Bunlara karşın uzun süreden beri hakkında tartışmaların yapıldığı Kâtip Çelebi iki alanda üzerinde yeterince durulmadığı anlaşılmaktadır. Bunların ilki metodolojinin ve kaynakları, diğeri ise Avrupalı bir çağdaşı ile mukayesesidir.
Kâtip Çelebi’nin döneminde ve sonrasında skolastisizmin kullanımı devam ederken Avrupa’daki metodolojik devrim belki de Kâtip Çelebi ile sınırlı kalmış olmalıdır. Zaten, Kâtip Çelebi’yi de pek çok kişi için özgün kılan durum, onun bu metodolojik farklılığıdır.

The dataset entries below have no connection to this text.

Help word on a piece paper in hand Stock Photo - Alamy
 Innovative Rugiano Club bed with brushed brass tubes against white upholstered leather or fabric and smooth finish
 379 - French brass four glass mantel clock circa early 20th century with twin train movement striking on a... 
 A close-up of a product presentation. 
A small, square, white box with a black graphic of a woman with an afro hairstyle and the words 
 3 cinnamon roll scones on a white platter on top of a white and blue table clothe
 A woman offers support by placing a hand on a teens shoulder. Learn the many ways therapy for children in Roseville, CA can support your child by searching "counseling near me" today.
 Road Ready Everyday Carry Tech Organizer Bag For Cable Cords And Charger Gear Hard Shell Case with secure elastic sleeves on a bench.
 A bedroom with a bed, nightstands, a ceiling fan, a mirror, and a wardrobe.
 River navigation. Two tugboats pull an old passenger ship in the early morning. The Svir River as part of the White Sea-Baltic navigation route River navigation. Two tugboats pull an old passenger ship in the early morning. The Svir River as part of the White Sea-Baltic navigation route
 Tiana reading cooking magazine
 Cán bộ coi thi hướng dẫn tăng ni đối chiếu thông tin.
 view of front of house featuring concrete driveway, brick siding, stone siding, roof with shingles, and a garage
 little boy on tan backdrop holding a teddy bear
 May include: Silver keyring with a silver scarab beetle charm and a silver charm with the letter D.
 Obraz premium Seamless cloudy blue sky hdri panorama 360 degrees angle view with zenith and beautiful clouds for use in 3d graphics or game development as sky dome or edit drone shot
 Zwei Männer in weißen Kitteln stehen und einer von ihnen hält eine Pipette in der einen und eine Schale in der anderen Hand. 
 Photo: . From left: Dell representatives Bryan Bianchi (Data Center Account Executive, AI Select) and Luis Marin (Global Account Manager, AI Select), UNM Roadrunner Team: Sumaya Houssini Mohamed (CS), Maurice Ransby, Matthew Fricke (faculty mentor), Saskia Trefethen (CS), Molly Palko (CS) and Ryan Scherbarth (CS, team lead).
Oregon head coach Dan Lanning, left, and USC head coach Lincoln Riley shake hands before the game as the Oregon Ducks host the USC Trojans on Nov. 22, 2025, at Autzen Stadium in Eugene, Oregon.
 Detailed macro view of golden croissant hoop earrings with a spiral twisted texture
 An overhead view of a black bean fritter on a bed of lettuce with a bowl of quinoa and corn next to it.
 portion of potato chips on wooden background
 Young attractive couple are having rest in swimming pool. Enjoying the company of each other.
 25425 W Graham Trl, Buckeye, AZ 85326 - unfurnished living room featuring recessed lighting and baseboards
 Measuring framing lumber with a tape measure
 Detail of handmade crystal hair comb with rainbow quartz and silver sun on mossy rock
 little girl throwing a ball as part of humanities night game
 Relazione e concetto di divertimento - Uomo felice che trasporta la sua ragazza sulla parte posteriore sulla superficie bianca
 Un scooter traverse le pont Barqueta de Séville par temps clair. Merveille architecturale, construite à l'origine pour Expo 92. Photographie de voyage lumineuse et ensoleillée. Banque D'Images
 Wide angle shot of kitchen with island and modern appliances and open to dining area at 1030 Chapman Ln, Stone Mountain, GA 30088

Avrupa’daki kutsal metinlere sıradan kimselerin doğrudan teması meselesiyle başlayan Rönesansın aslında bir metod değişikliği olduğunu anlamak gerekir. Avrupa’daki skolastik metodun Reform ile değişime tabi tutulması genel kabullerin değil ama gözlem sonucunda elde edilen bilginin önünü açmıştır.
Bu husus, Kâtip Çelebi üzerinden siyasi olmaksızın tartışılmamıştır. Kâtip Çelebi’nin mukayese edilmesi gereken diğer alan ise ilgili dönemde gelişen bibliyografist akımdır. Seferler esnasında gördüğü ve künyelerini kaydettiği eserlerle neredeyse doğunun tüm yazmalarını listelemiştir.
Enteresan bir biçimde aynı zaman diliminde benzer bir bibliyografyayı Edward Bernard adında bir astronomi profesörü hazırlamıştır. Her ikisinin de bu türlü çalışmaları hem ilgi çekici hem de eş zamanlılığı bakımlarından önemlidir.
Avrupa’daki merak zamanla gelişerek ilk ansiklopedi ve ansiklopedistlerin ortaya çıkmasına yol açmış olmalıdır. Osmanlı İmparatorluğu’nda ise benzerleri bir dönem sonrasında ortaya çıkmıştır.